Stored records
:::::

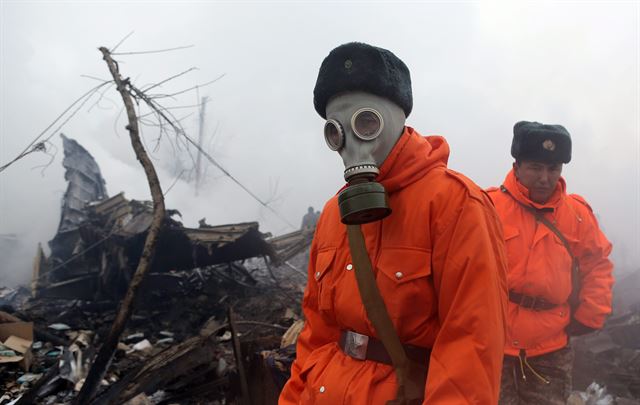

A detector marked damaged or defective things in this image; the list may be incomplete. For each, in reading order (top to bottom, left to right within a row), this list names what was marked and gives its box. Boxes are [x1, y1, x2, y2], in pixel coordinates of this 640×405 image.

burned debris [0, 135, 310, 400]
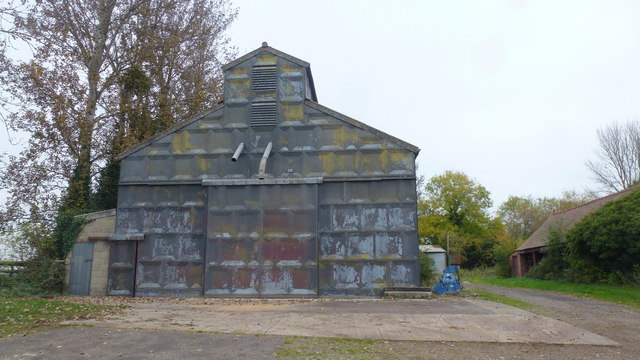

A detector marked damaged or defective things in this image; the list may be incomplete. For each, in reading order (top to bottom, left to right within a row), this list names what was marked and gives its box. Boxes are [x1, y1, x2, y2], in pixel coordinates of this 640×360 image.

rusty metal panel [205, 184, 318, 296]
rusty metal panel [316, 180, 418, 296]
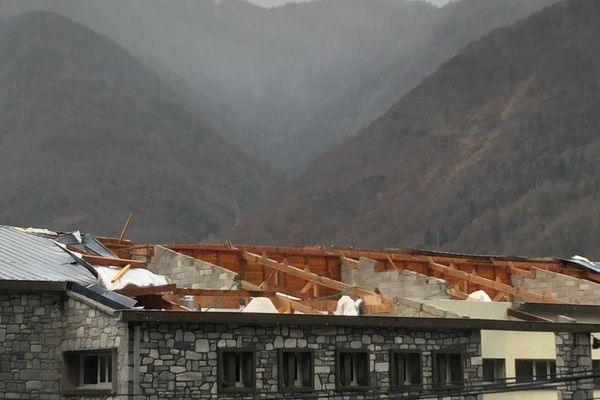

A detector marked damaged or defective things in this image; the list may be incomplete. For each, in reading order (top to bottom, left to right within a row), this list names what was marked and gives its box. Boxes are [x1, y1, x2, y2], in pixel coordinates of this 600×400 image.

damaged roof [0, 225, 98, 284]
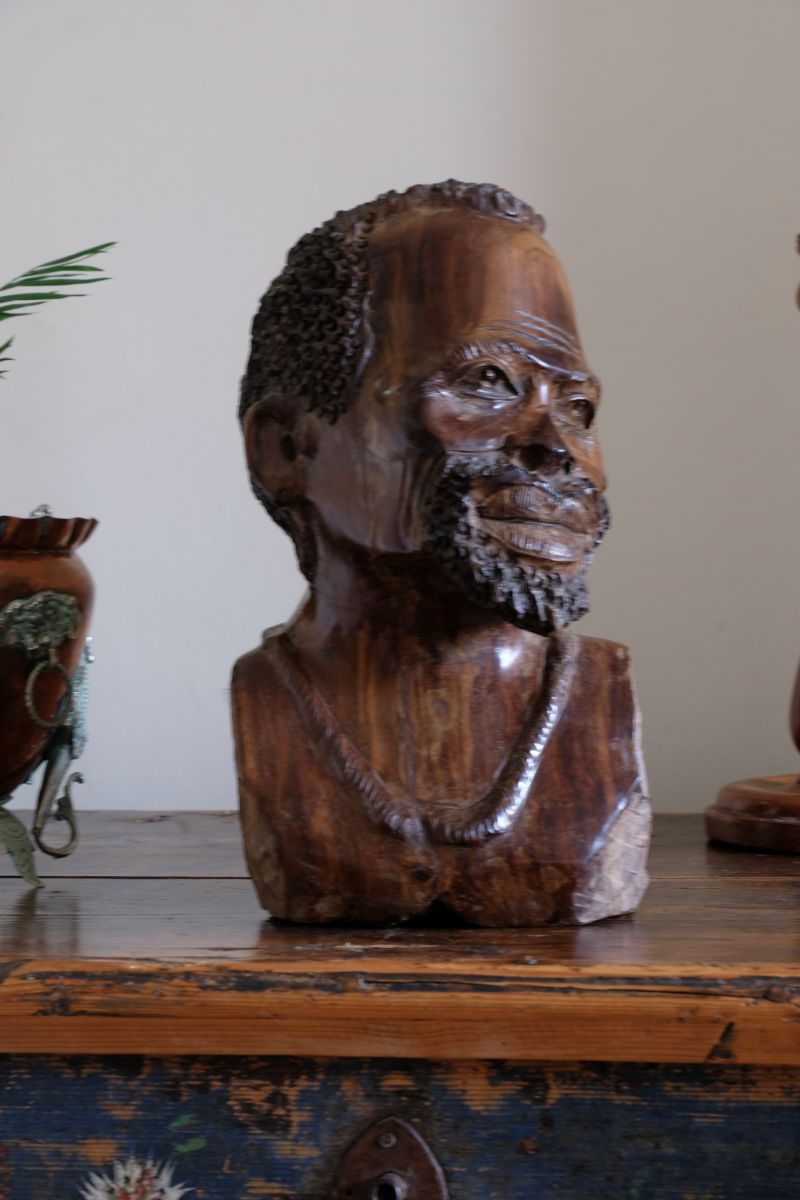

:::::

-- WHAT NEEDS TO BE DONE --
Where the line containing "this 640×360 image." appears in the data above, begin there and output every line through the last, exactly and without pictures.

-- SOLUTION TO THIS EXERCISE --
A detector marked damaged or defective things in this image; the list may be incomplete. For each, in reading order (top to bottom, left to right within a row), this list names what was marked and gives its box. Boxes are [x1, y1, x2, y2], in pixel coordinates of this 640×360 image.

rusty metal panel [205, 184, 318, 296]
rusty metal panel [316, 180, 418, 296]

A detector marked damaged or defective things in this image; the list may be incomplete. For each, in reading order (top to bottom, left to right within a row), this list names what was marked and gives its box. Boxes are [x1, y1, x2, y2], in pixel coordinates of this 600×400 image.

damaged roof [0, 225, 98, 284]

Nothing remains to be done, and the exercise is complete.